* _EXERCISE INPUTS_:
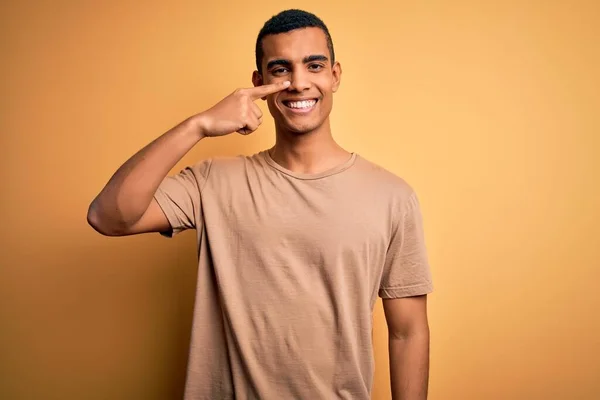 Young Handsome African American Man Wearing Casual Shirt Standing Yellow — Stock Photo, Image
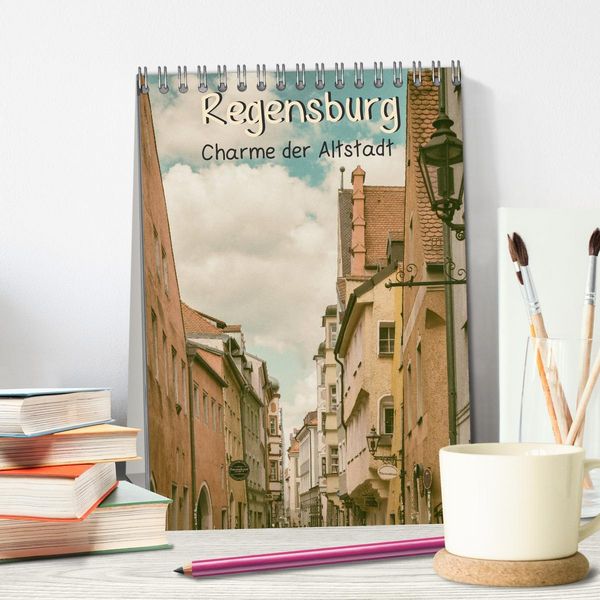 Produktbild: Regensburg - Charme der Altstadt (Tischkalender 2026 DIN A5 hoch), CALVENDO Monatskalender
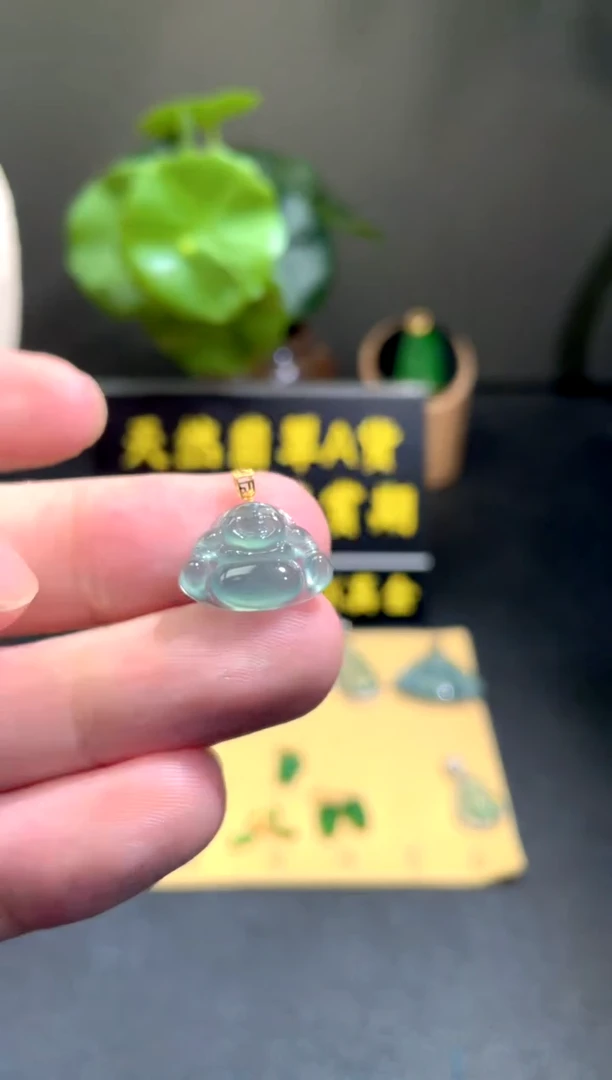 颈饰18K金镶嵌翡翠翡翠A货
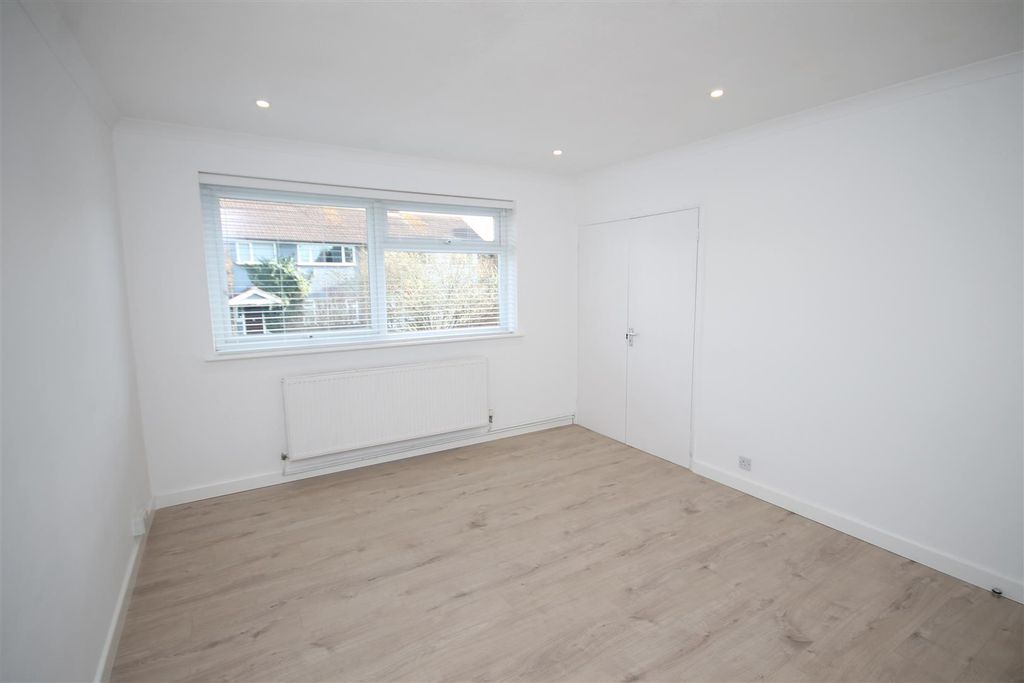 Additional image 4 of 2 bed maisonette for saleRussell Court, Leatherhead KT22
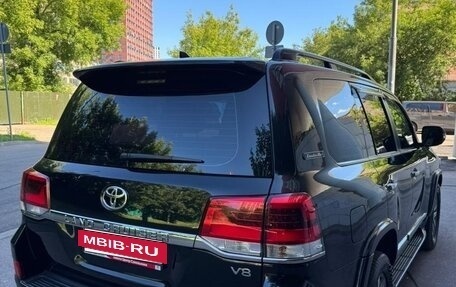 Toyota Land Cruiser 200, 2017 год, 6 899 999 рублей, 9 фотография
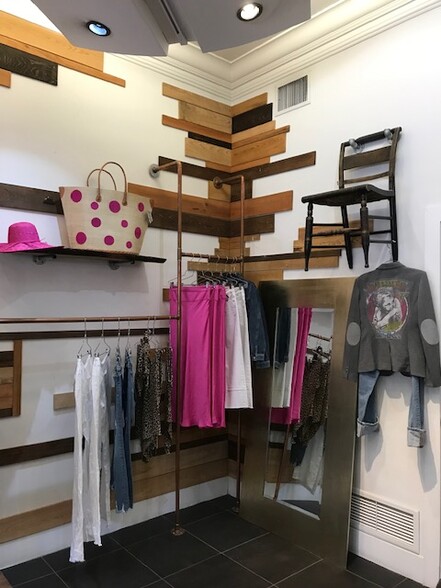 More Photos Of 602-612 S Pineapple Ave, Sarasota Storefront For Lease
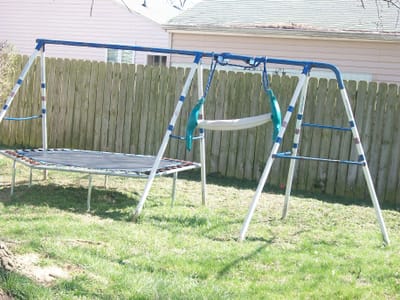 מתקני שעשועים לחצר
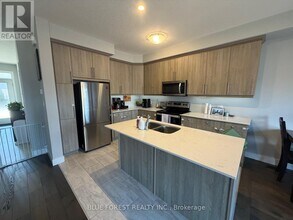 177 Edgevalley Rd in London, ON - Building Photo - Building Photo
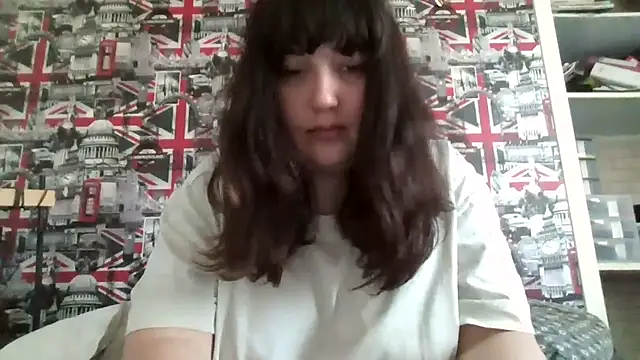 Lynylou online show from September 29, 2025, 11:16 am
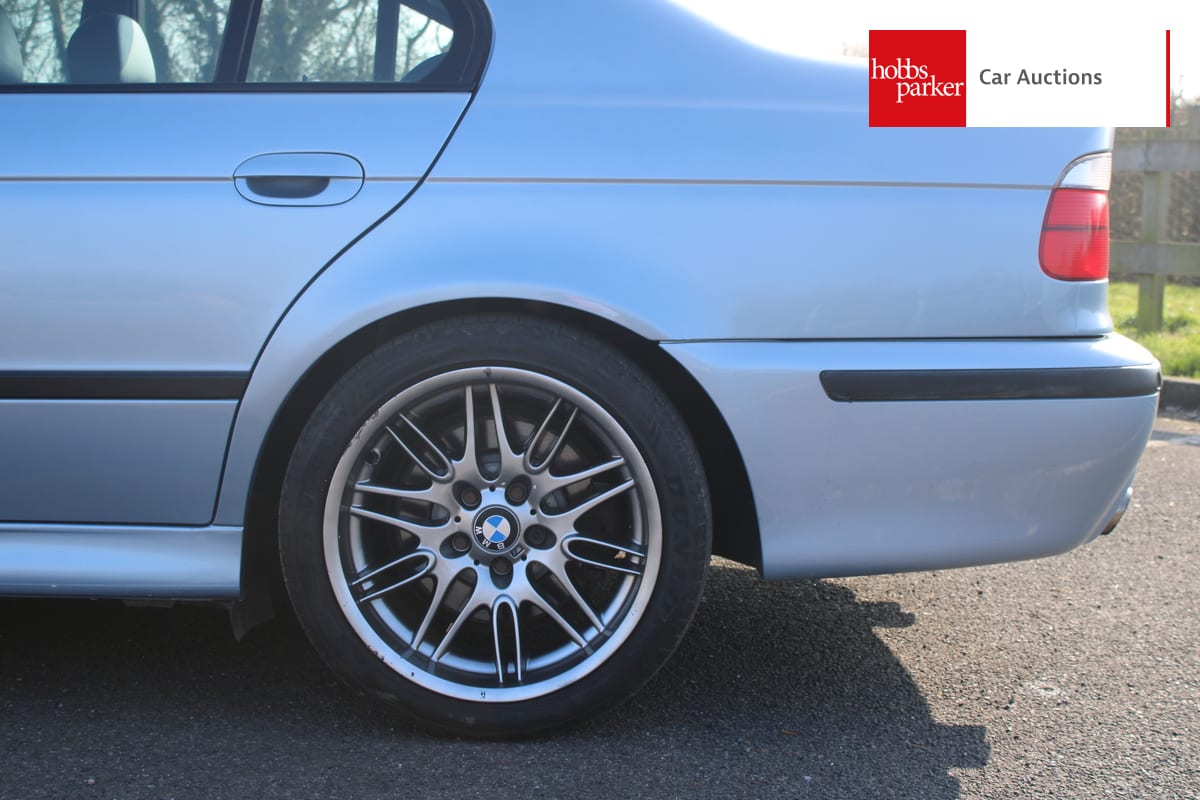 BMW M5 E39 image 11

* _REQUIRED WORK_:
Reproduce every record above exactly, omitting the pictures.

* _ANSWER SECTION_:
 Young Handsome African American Man Wearing Casual Shirt Standing Yellow — Stock Photo, Image
 Produktbild: Regensburg - Charme der Altstadt (Tischkalender 2026 DIN A5 hoch), CALVENDO Monatskalender
 颈饰18K金镶嵌翡翠翡翠A货
 Additional image 4 of 2 bed maisonette for saleRussell Court, Leatherhead KT22
 Toyota Land Cruiser 200, 2017 год, 6 899 999 рублей, 9 фотография
 More Photos Of 602-612 S Pineapple Ave, Sarasota Storefront For Lease
 מתקני שעשועים לחצר
 177 Edgevalley Rd in London, ON - Building Photo - Building Photo
 Lynylou online show from September 29, 2025, 11:16 am
 BMW M5 E39 image 11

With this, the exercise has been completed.